The newsflow is negative and puts pressure on the risk appetite: 1) falling economic indicators, 2) deleveraging in China and 3) central bank exit strategies.
In the base case scenario, the recovery scenario holds, the halt of the debt-fueled real estate boom in China will not lead to a systemic crisis, and central banks will continue to be very cautious in withdrawing monetary policy stance.
Economic indicators point to falling economic momentum
Economic indicators point to a further decline in economic momentum. This development is mainly due to three adverse developments (delta, bottlenecks and increased inflation). There is considerable uncertainty about the extent and duration of these growth brakes, which are probably only temporary. The baseline scenario involves growth above potential until full employment is reached. However, the risk of a pause in the recovery has increased further.
The overall (manufacturing and services) flash PMI for the developed economies (DME) continued to fall across the board in September and is now around 8 points below the May high. Only the Services PMI in Japan has risen (due to easing measures). It is striking that the services PMI has fallen more sharply than the manufacturing PMI since May (output manufacturing: 54.2, output services: 52.8). The negative impact of the increase in new infections can be seen here. Considerable bottlenecks stand out in the Manufacturing PMI. The Delivery Times PMI at 24.6 points to even longer delivery times. In line with this, the output price PMIs are at a high level (total: 60.4). Inflationary pressure remains elevated.
The problem with Evergrande
The troubles of real estate developer Evergrande in China have spurred fears of a systemic crisis. The problem is by no means company-specific. Here, a business model based on high debt growth coincides with a structural (not cyclical) stop of this development enforced by politics. Last year, economic policy defined upper limits for balance sheet ratios in order to curb further debt build-up.
For real estate developers at three debt ratios such as leverage (“Three Red Lines”) and for banks at two ratios on the share of the real estate sector in the total portfolio (“Two Red Lines”). These measures have already led to a marked cooling of the real estate sector. This means lower investment activity, lower government revenues and, precisely, liquidity problems for real estate developers with the potential of system-wide consequences. Falling real estate prices would also be negative for private consumption.
On the positive side:
- The measures in the real estate sector are part of the transformation process in China to prevent a middle-income trap.

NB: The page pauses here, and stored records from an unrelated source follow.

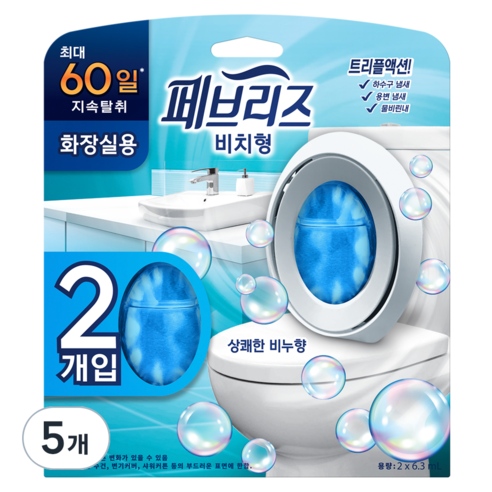 페브리즈 화장실용 방향제 비치형 상쾌한 비누향 2p 본품, 12.6ml, 5개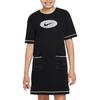 Nike Kids Dress Logo Print Round Neck Short Sleeve Kids Dresses Black DO7168-010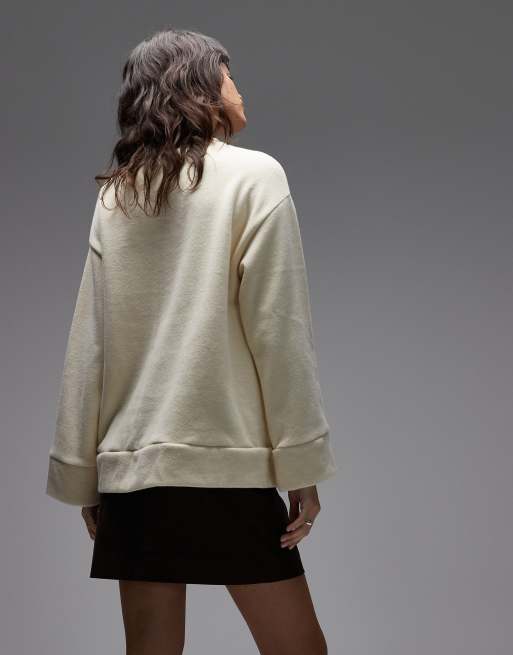 ASOS DESIGN - Lysegul superblød sweatshirt med slids i sømkanten, 3 af 4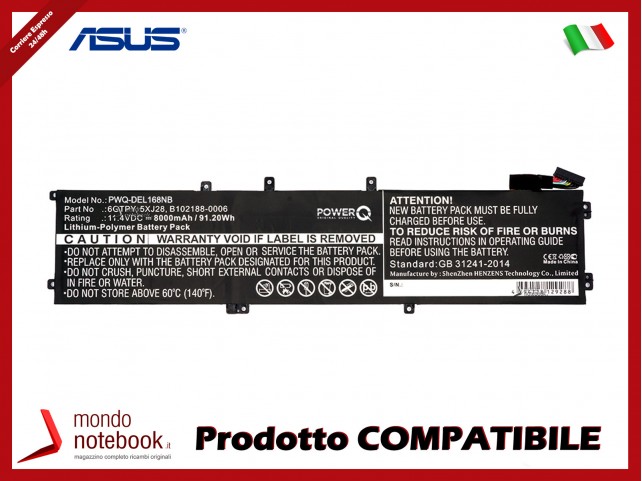 Batteria PowerQ per DELL Inspiron 15 7590 8000 mAh 11.4V P/N 0GPM03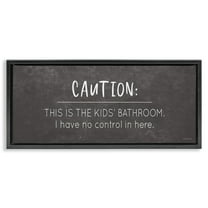 Stupell Industries No Control Here Bathroom Typography Painting Black Floater Framed Canvas Art Print Wall Art, 25 x 11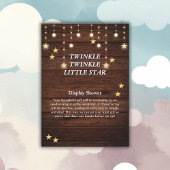 Rustieke Twinkle Twinkle Little Star Baby shower Informatiekaartje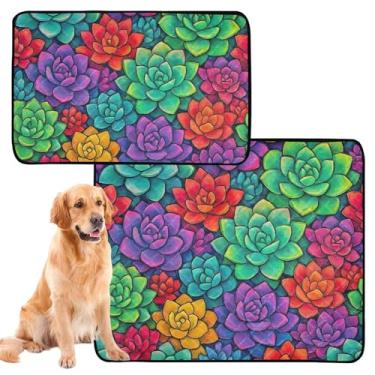 Imagem de TSENQUE Almofadas de xixi, laváveis, coloridas, suculentas, reutilizáveis, almofada para gatos de estimação, tapete de caixa de cachorro fofo, impermeável, tapete absorvente, pequeno x pacote com 3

- Policymakers have the tools not to let the crisis escalate (no Lehman moment).
The uncertainty is not so much about whether these tools will be used, but about the specific steps: timing, extent and nature of selective economic support and lender of last resort measures (liquidity).
Key rate increases by central banks
Central banks in the developed economies are phasing out their ultra-expansive monetary policy stance. However, this is happening very slowly. The aim is to prevent a market correction (a tantrum) in the markets.
The american central bank (Fed) has announced the imminent start of a reduction in the bond-buying program (probably in November). “If progress continues broadly as expected, the Committee judges that a moderation in the pace of asset purchases may soon be warranted.” Forward guidance for future policy rates was also taken upward. The median of Fed members is one rate hike for the end of 2022 (revision from 0.1% to 0.3%), 1.0% for the end of 2023 (revision from 0.6%), and 1.8% for the end of 2024.
The Bank of England also argued in favor of key rate hikes in the MPC statement (“some developments during the intervening period appeared to have strengthened the case”). According to the BoE, a rate hike could take place before the end of the QE program, theoretically already this year.
The Norges Bank was the first central bank in the DME to unsurprisingly raise its key rate from 0% to 0.25%. In contrast, the central bank in Brazil has already raised the key interest rate for the fifth time this year (from 5.25% to 6.25%; March: 2%). In Brazil, long-term inflation expectations are not firmly anchored, so it has to react to short-term inflation increases. In line with hawkish central bank signals in the DME, government bond yields have risen.
Prognoses are no reliable indicator for future performance.